マスクに思いを寄せて(下)~徐舒さん:日本に送るマスクは天国の母とのつながり
花を愛でる徐舒さん
先週の番組は「マスクに思いを寄せて」と題して、日本の中国語会議通訳の草分けたる存在である神崎多実子さんのエッセーとインタビューをお送りしました。今週は、神崎さんにマスクを送った北京在住の徐舒さんの思いをお送りします。
徐さんは神崎さんの中学の担任教師である張先生のお嬢さんです。北京在住で、大学教師を経てファッションデザイナーとして活躍。定年退職後、野生動物の撮影が好きになり、北海道やアフリカなど世界各地で撮影旅行を続けてきました。また、乳がんの手術を受けたことがきっかけで、現在は北京の病院で終末期看護、ターミナルケアのボランティア活動も続けています。
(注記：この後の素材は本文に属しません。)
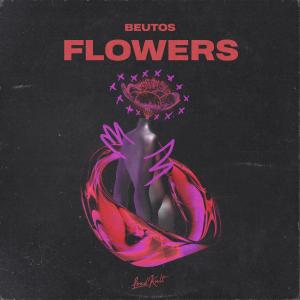 ดาวน์โหลดและฟังเพลง Flowers พร้อมเนื้อเพลงจาก Beutos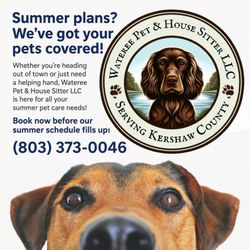 Wateree Pet & House Sitter - Going out of town? We've got you covered!Leaving your pets can be stressful -- for you and them. That's where Wateree Pet & House Sitter,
徐さんにはお嬢さんが一人いて、今は東京でジュエリーデザイナーの仕事をしています。今年の3月以降、新型コロナウイルスの感染が日本でも広がり、徐さんは旧知の神崎多実子さんや日本にいる娘に「必要な方にも届けるように」とマスクを送りました。
新型コロナウイルスの感染が始まった後、最初は日本から中国へ、その後、中国から日本に支援物資が送られるようになりました。この中には、政府間、地方間、産業界同士のマクロの視点でのつながりもあれば、本日ご紹介したような、個人と個人のミクロ的な強い絆もありました。どちらも近き隣人であり、または人によっては、親戚や家族のような両国関係のありのままの姿ではないかと思います。以下は徐さんへのインタビューに基づいてリライトしたエッセーです。
マスクに思いを寄せて
~徐舒さん:日本に送るマスクは天国の母とのつながり
話は新中国の成立から間もない東北部の長春に遡ります。1951年、師範学校を卒業したばかりの母・張孟君はこの町にある「東北師範大学附属中学」の数学の教師になりました。
1979年、神崎多實子さんと張先生との再会
母が初めて受け持ったクラスには、日本人の生徒3人が編入されました。1953年まで、新中国の建設を支援するために留用された日本人技術者たちの子弟です。その中の一人が、今も親交を続けている神崎多実子さんです。私はいつも親しみを込めて、「多実子おばさん」と呼んでいます。